Much of what we know about the demand for safe assets come from the work of IMF economist Manmohan Singh (not to be confused with the Indian Prime Minister!). In a series of papers on the use of collateral in OTC derivatives, counterparty risk and central counterparties, collateral velocity, rehypothecation, and the reverse maturity transformation by asset managers, Singh and his co-authors have documented the need for safe assets in derivative markets and asset management.
What emerges from this discussion is that much of the demand for safe assets comes from sophisticated financial institutions and sovereign reserve managers. To my mind, this completely weakens the case for any form of subsidy for the creation of safe assets. The literature on participation in equity markets (which can be regarded as a proxy for risk taking in financial markets) demonstrates that participation is determined to a great extent by intelligence (Grinblatt et al), cognitive ability (Christelis et al), education (Cole and Shastry) and financial literacy (Rooij et al).
Most of the demanders of safe assets are big institutions (according to Manmohan Singh’s work), and one would expect them to possess a sufficient pool of intelligence, cognitive ability, education and financial literacy to be able to invest in risky assets. In some cases, portfolio risk may actually be lower if safe assets are replaced by equities. For example, Manmohan Singh explains how the security lending activities of asset managers creates a reverse maturity transformation – it converts the long term investment portfolio of households into a demand for short term assets (collateral). To the extent to which equities are correlated with each other, it is plausible that collateral in the form of stocks similar to those that are lent out might reduce risk. To the extent to which the borrower of the stocks is engaged in a “pair trade”, a natural supply of such collateral might exist.

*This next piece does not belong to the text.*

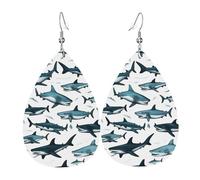 Boucles d'oreilles pendantes en cuir en forme de larme pour femme, motif requin avec différents gestes imprimés, boucles d'oreilles pendantes légères en cuir, cadeau tendance, One Size, Cuir, Pas de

I suspect that the demand for safe assets is better explained by a rational tradeoff between the costs and benefits of risk assessment (in a manner that bears some similarities to the rational inattention model of Sims). I therefore look at the huge demand for safe assets as a consequence of the moral hazard engendered by repeated bail outs of the financial sector. Even sophisticated investors may find it optimal not to make a serious risk assessment of any asset which has little idiosyncratic risks and is exposed only to systemic risks if the probability of such an asset (or rather its investors) being bailed out is quite high.
When one reads Gorton carefully, it becomes apparent that that the safe (or informationally insensitive assets) are not risk free – they are only free of idiosyncratic risk. Systemic risk is less subject to information asymmetry and therefore does not pose the problems that Gorton attributes to risky assets in general. But then the ability of the state to insure against systemic risk is highly suspect because if such an insurance is attempted in sufficiently large scale, the result is likely to be a sovereign debt crisis when the systemic risk event materializes. Capitalism to my mind is about accepting and dealing with failure, while the path that Gorton and Ricks are proposing is the path of socialism.

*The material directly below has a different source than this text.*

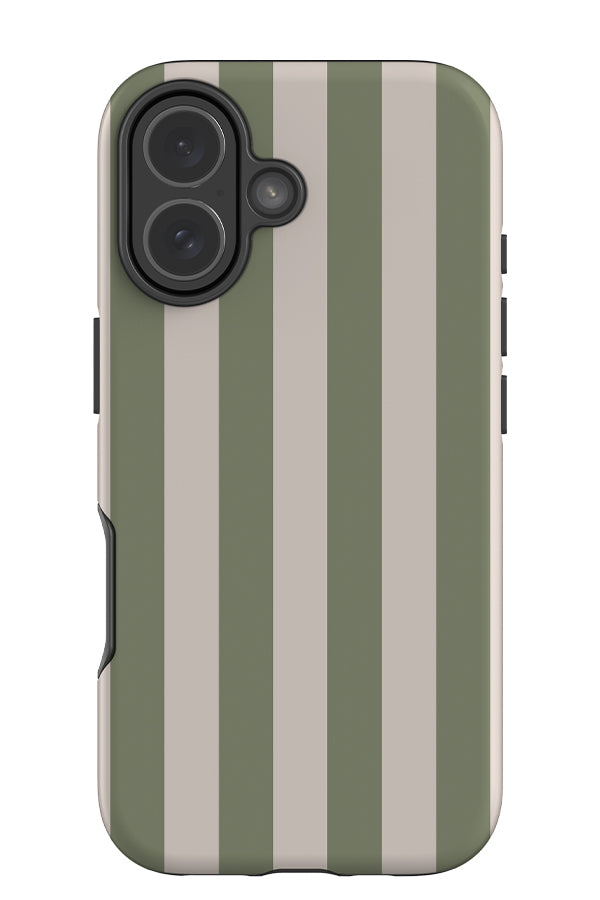 Quiet Line stripe tough phone case with a beige and green linear pattern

I see a similarity between the desire of the rentier class for safe assets and the desire of the working class for defined benefit pension plans. In both cases, the desire is to shift the risks to the taxpayers and thereby avoid the cognitive burden of making informed choices. In the case of the working class, society has over the last few decades rejected the demand for “informationally insensitive” pensions (defined benefit plans) despite the fact that lower levels of financial education might make the cognitive burden quite high for many of these people. I see no reason why the rentier class should receive a more favourable treatment.
Wed, 25 Jan 2012
Almost a year ago, I wrote a paper on finance teaching and research after the global financial crisis (see this blog post). A revised version of this paper has been published in the latest issue of Vikalpa. The only significant change in the published version is that the portion dealing with learning from related disciplines has been expanded and rewritten. Most of the other changes were only to improve readability and clarity. As always, comments and suggestions are welcome.
Thu, 19 Jan 2012
In recent decades, economists have been increasingly focused on the de facto exchange rate regime using the ideas developed by Reinhart and Rogoff (2004) and by Frankel and Wei (1994). This approach of looking at the actual data is of course a huge advance over the naive approach of relying on official pronouncements. Intermediate approaches are also possible as exemplified in the IMF’s De Facto Classification of Exchange Rate Regimes and Monetary Policy Framework.
Obsessive contemplation of currency breakups (see my blog post last month) has made me more sensitive to the legal nuances of a fixed exchange rate regime, and I am beginning to think that looking only at the statistical properties of the exchange rate time series is not sufficient.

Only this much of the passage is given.